[PROBLEM DESCRIPTION]:
Retype word for word the stretch of entries below from the line that has "Labubu 3.0 17cm" through the line that has "Apple Green Tiger Hoodie Sweatshirt", and omit the pictures.

[PROVIDED ENTRIES]:
□ □ □

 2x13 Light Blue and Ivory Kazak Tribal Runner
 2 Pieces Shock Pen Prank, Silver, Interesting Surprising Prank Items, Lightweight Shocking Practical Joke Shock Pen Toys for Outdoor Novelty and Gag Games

□ □ □

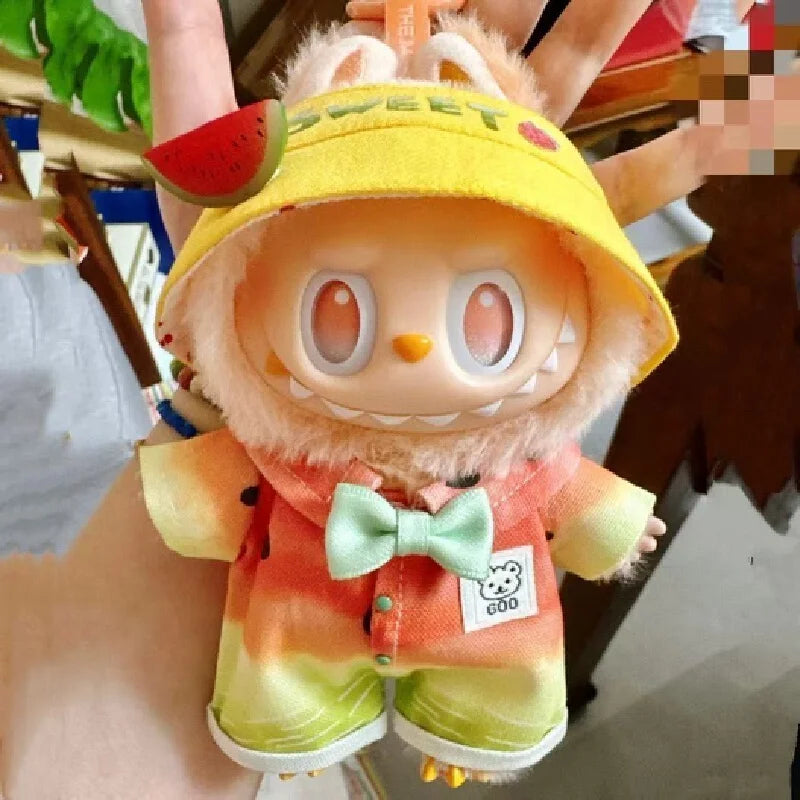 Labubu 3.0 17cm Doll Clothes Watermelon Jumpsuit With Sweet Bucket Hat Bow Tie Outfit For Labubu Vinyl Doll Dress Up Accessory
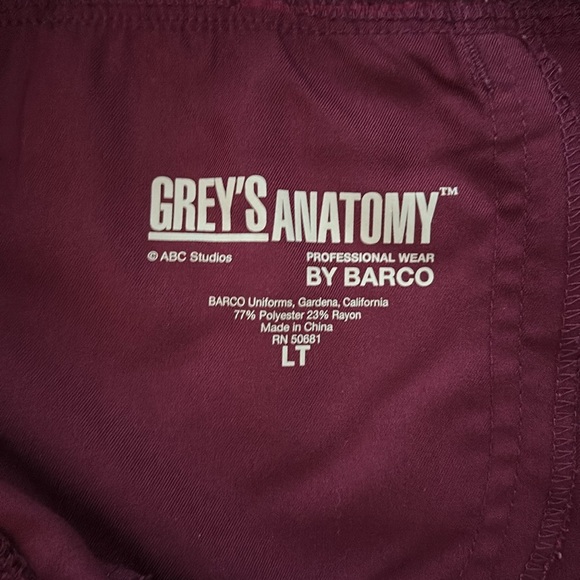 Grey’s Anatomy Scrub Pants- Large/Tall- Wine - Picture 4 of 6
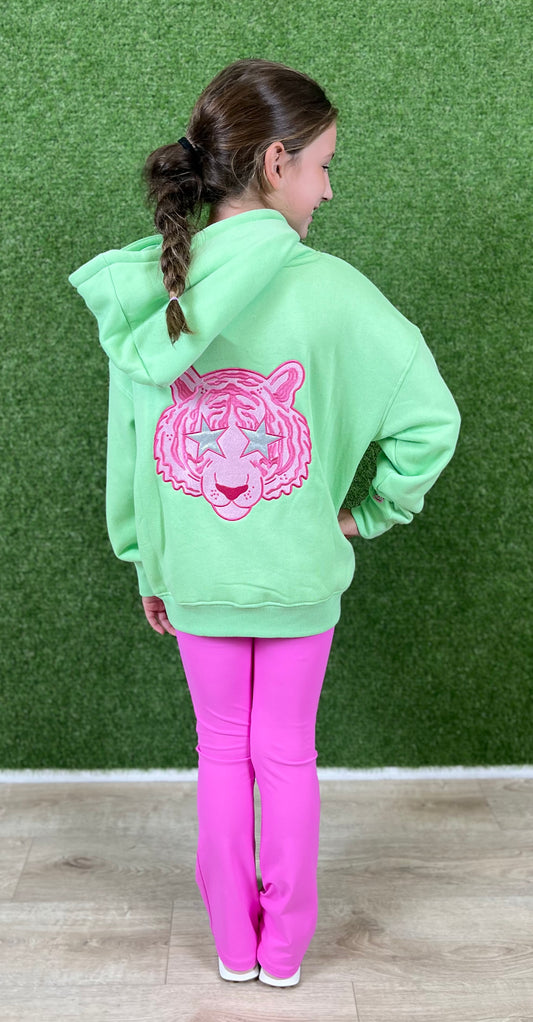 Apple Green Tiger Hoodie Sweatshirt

□ □ □

[TASK RESULT]:
 Labubu 3.0 17cm Doll Clothes Watermelon Jumpsuit With Sweet Bucket Hat Bow Tie Outfit For Labubu Vinyl Doll Dress Up Accessory
 Grey’s Anatomy Scrub Pants- Large/Tall- Wine - Picture 4 of 6
 Apple Green Tiger Hoodie Sweatshirt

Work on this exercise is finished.